He frowned. Damn her sharp eyes. “I have had worse.”
She crossed her arms. “We are both exhausted. We can share the bed without incident. We are adults.”
Johnathan arched a brow. “Have you not heard the rumors?”
She laughed, soft and unguarded. It stirred something deep in his chest, something he had long buried beneath whisky, women, and the defiant swagger of a wayward duke.
They settled under the covers with a cautious space between them. The silence stretched again, but this time it was not as brittle. It held something warmer—tentative, uncertain.
“Johnathan,” she said.
He turned his head. “Yes?”
“Why did you leave that summer? The one after my brother died.”
The question landed like a blow to the gut, knocking the breath from his lungs.
He exhaled slowly. “Because I was grieving, too. And because I was a coward.”
She did not reply right away. Her fingers twisted in the blanket, and her gaze drifted to the flickering hearth as if searching for courage in the embers. Then, very softly, her voice barely above a breath, she whispered, “I missed you.”
He turned toward her, his voice quiet. “I missed you, too. Every damn day.”
Outside, wind whispered against the panes. Inside, warmth settled between them—not passion, but something like trust, carefully rebuilt.
Johnathan closed his eyes, listening to the quiet rhythm of her breathing beside him, and in that moment, he let himself believe that redemption might not be out of reach.
Frances awoke to the soft crackling of embers and the distant cry of a bird greeting the morning. For a moment, disoriented and warm beneath the coarse wool blanket, she forgot where she was. But the ache in her limbs returned quickly, a cruel reminder of the miles behind them and the uncertainty ahead.
Johnathan had already risen.
He stood near the window, shirt sleeves rolled up, shoulders tense as he peered through the warped glass at the empty lane below. The rising light caught in his hair, casting it in hues of gold and chestnut. For a man who claimed to be a rogue with no conscience, he carried himself like a soldier guarding a citadel. Always alert. Always bearing the weight of something unsaid.

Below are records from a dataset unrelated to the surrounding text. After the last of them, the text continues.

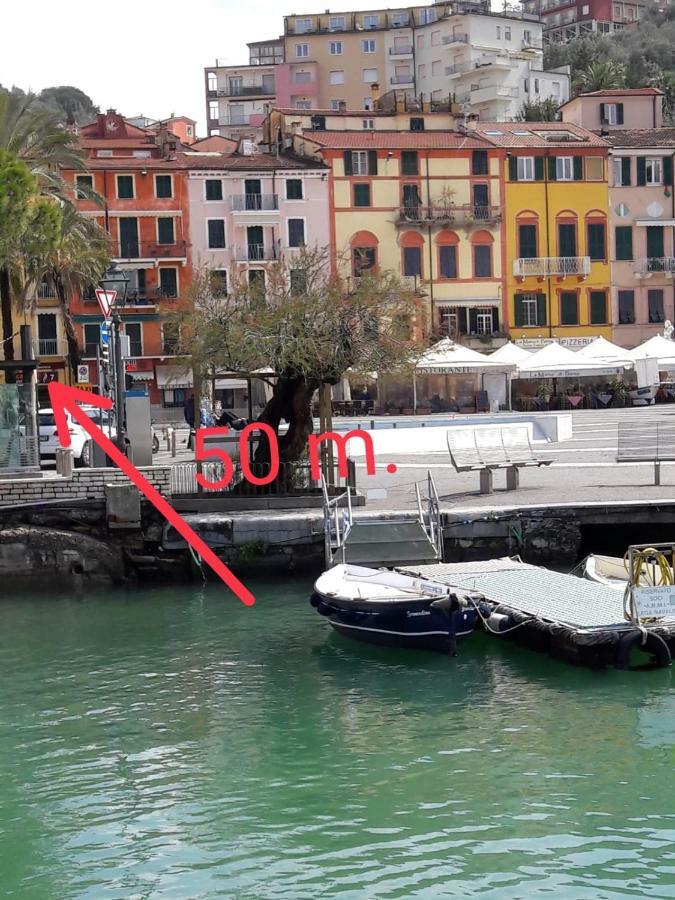 Casa A Lerici Nell'Antico Borgo Villa Exteriör bild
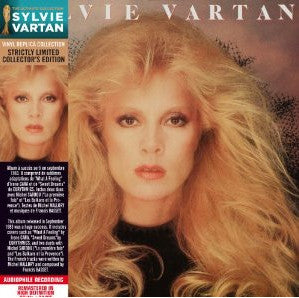 Sylvie Vartan : Sylvie Vartan (CD, Album, Ltd, RE, RM, Vin)
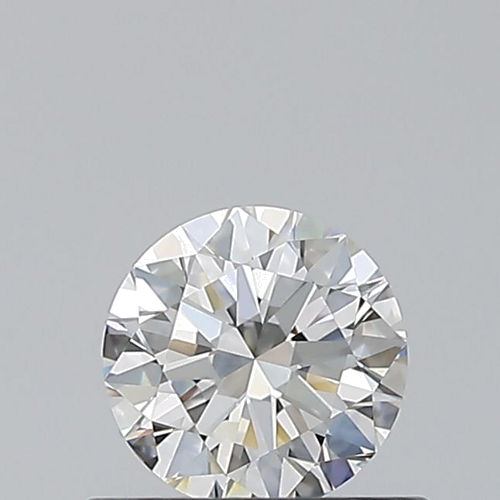 0.5 carat G-VS1 Excellent cut Natūralus Round Deimantas (1)
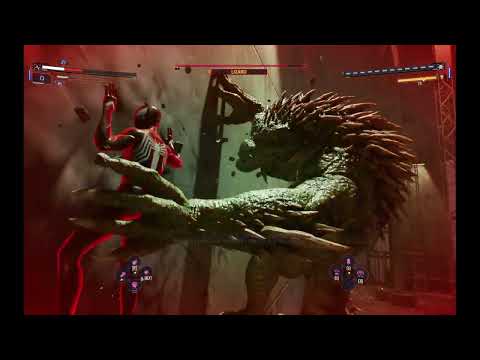 Zagrajmy w Spider Man 2 PL odc 22 W końcu Jaszczur pokonany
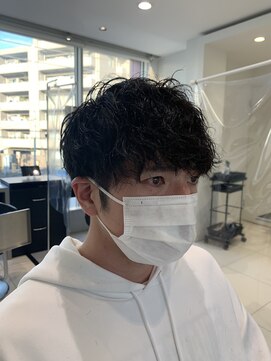 アッシュ 稲田堤店(Ash) ツイストスパイラルハード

Frances pushed herself upright, drawing the blanket closer. “Did you sleep at all?”
“Not much.” He nodded toward a small table where a valise sat. “I spoke with the innkeeper’s wife. She fetched what she could from the local seamstress. Not much. A brush, stockings… a riding habit.”

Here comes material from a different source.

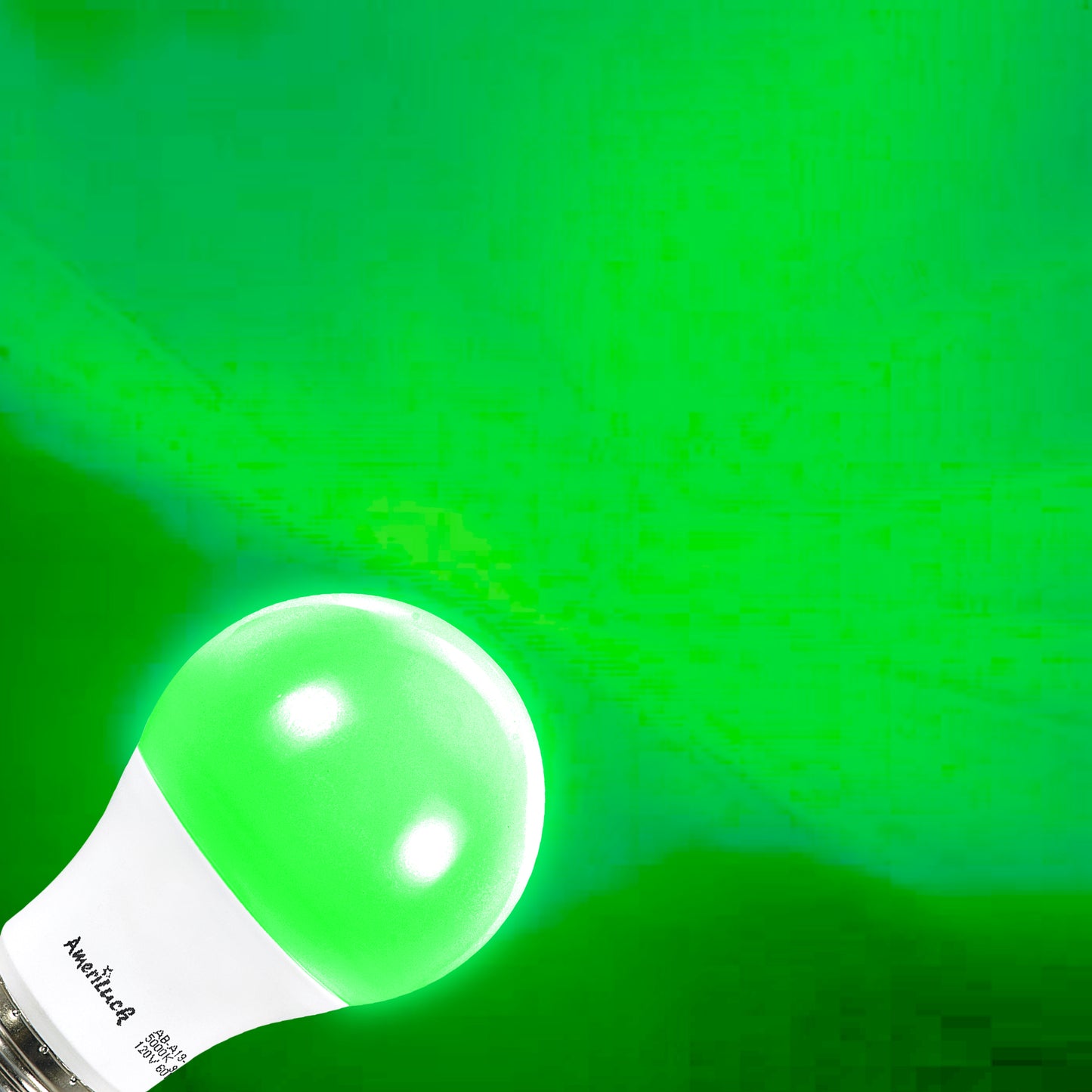 Colored Light LED Bulbs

She rose and crossed the room quietly. Outside, the mist was lifting, the wet earth steaming in the pale sun. Somewhere beyond the edge of the village, a horse whinnied.
“They will follow the northern road,” he said. “We need to move east. Take the back roads toward Penrith.”
She nodded, then paused. “You sound as though you have done this before.”
His mouth curled, not quite a smile. “Running from my mistakes? Yes.”
Frances looked at him, long and searching. “You do not have to protect me alone, Johnathan. I am capable of looking out for myself, too.”
That made him turn. His gaze locked on hers, unreadable for a moment, then softened. “But I want to.”
Frances lowered her gaze. “Then let me protect you too.”
He did not answer, but something shifted between them. A breath closer.
Downstairs, the innkeeper’s wife offered a plate of eggs and fresh bread, which they ate quickly, grateful for the nourishment. Frances tried not to linger on the tremble in her fingers as she lifted her cup. She had to be strong. For both of them.
After breaking their fast, they went to the stables. The horses were rested, fed, and saddled by the stable boy. Johnathan helped her mount, his hand lingering for the barest second at her waist.
The road ahead forked eastward through narrow woods, damp from the storm. A hawk circled overhead, its cry piercing the quiet.